/---

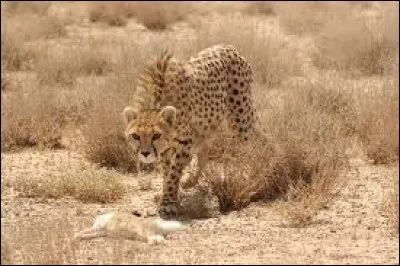 Ce félin est-il un hybride ? Si oui, qui sont ses parents ?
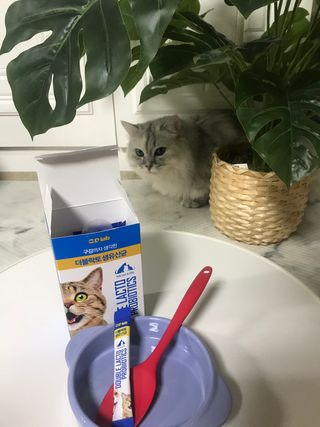 씨디랩 장 건강과 구강 건강을 한 번에 더블락토 강아지 고양이 유산균 — 5점을 준 리뷰어가 2021년 1월 올린 사용 사진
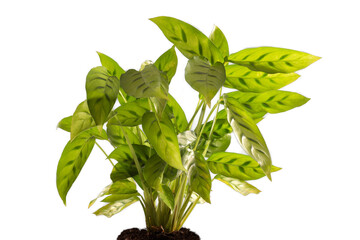 home plant calathea isolated, png file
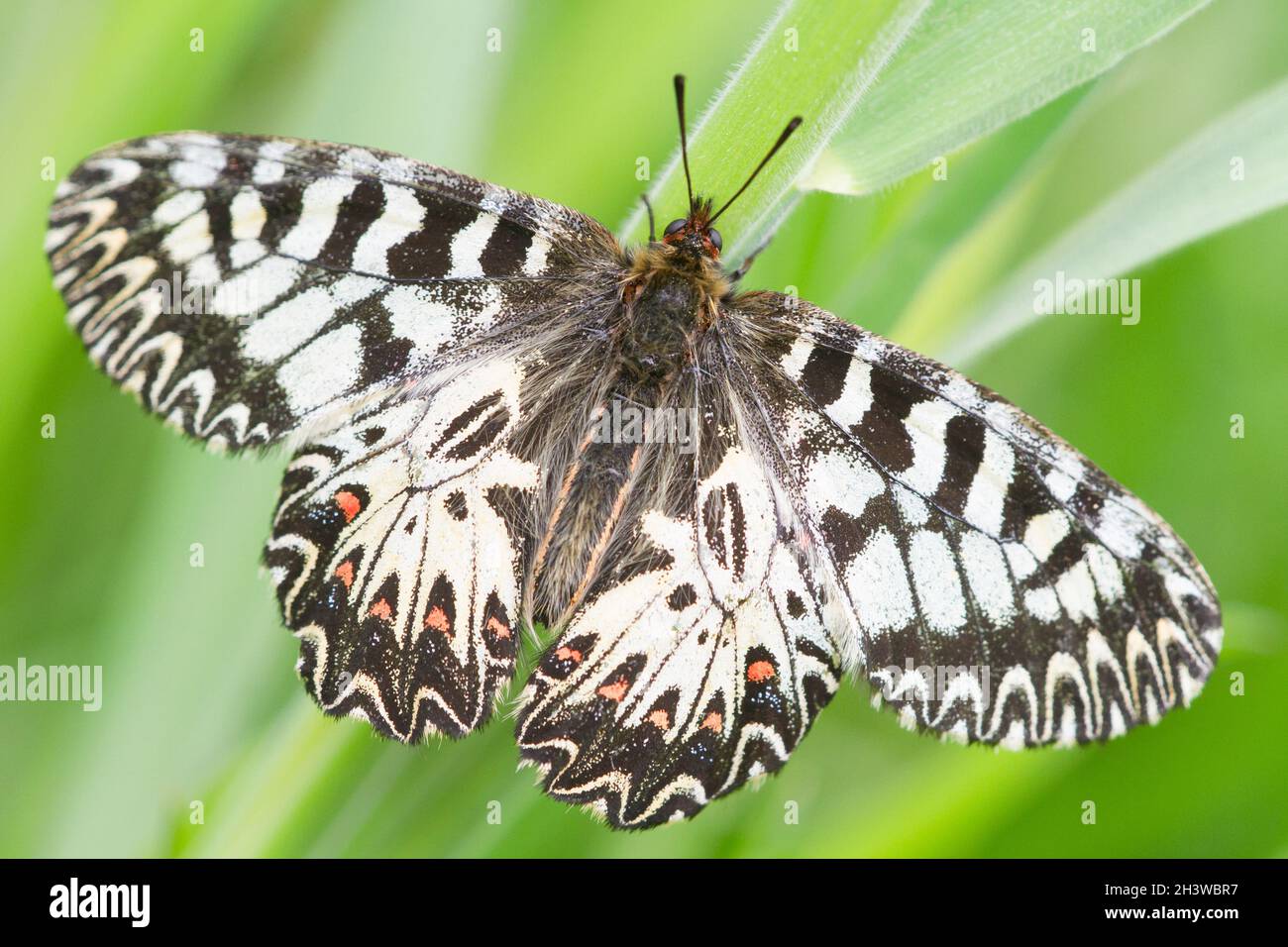 Der südliche Festoon (Zerynthia polyxena), ein frisch gefärbtes Männchen. Aostatal, italienische Alpen. Stockfoto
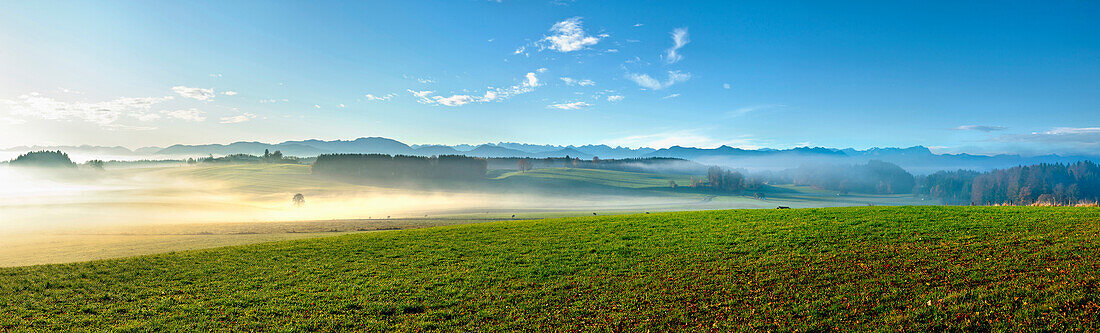 Landschaft im Morgennebel bei Degerndorf, Münsing, Starnberger See, Oberbayern, Bayern, Deutschland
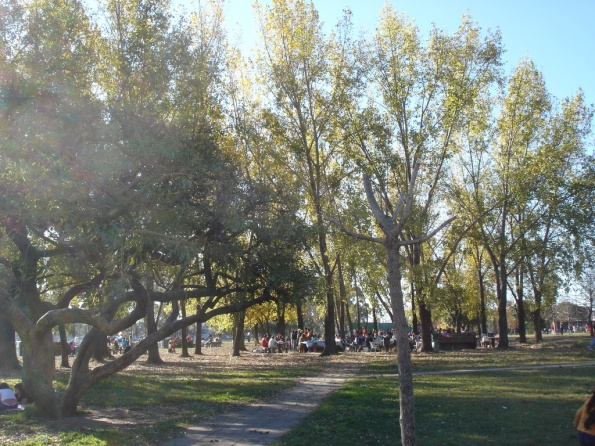 DSC03086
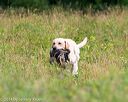 20140712-mha-0165
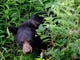A black bear lunches on blackberries in Cades Cove July 10, 2009 in the Great Smoky Mountains National Park. 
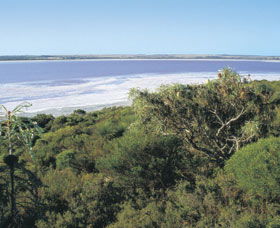 Pink Lake - Accommodation Cooktown 0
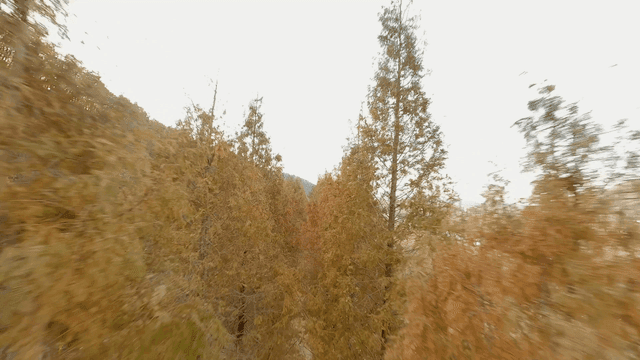 가을 숲길의 항공 뷰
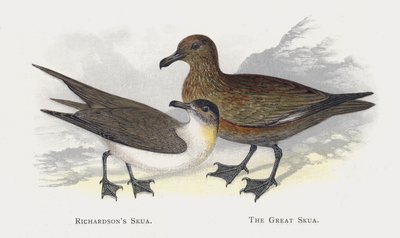 Richardsons Skua, Suuri Skua tekijältä Alexander Francis Lydon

\---

## Exercise brief
Word for word, give the entries back in full; the pictures do not belong in the copy.

## Solution
 Ce félin est-il un hybride ? Si oui, qui sont ses parents ?
 씨디랩 장 건강과 구강 건강을 한 번에 더블락토 강아지 고양이 유산균 — 5점을 준 리뷰어가 2021년 1월 올린 사용 사진
 home plant calathea isolated, png file
 Der südliche Festoon (Zerynthia polyxena), ein frisch gefärbtes Männchen. Aostatal, italienische Alpen. Stockfoto
 Landschaft im Morgennebel bei Degerndorf, Münsing, Starnberger See, Oberbayern, Bayern, Deutschland
 DSC03086
 20140712-mha-0165
A black bear lunches on blackberries in Cades Cove July 10, 2009 in the Great Smoky Mountains National Park. 
 Pink Lake - Accommodation Cooktown 0
 가을 숲길의 항공 뷰
 Richardsons Skua, Suuri Skua tekijältä Alexander Francis Lydon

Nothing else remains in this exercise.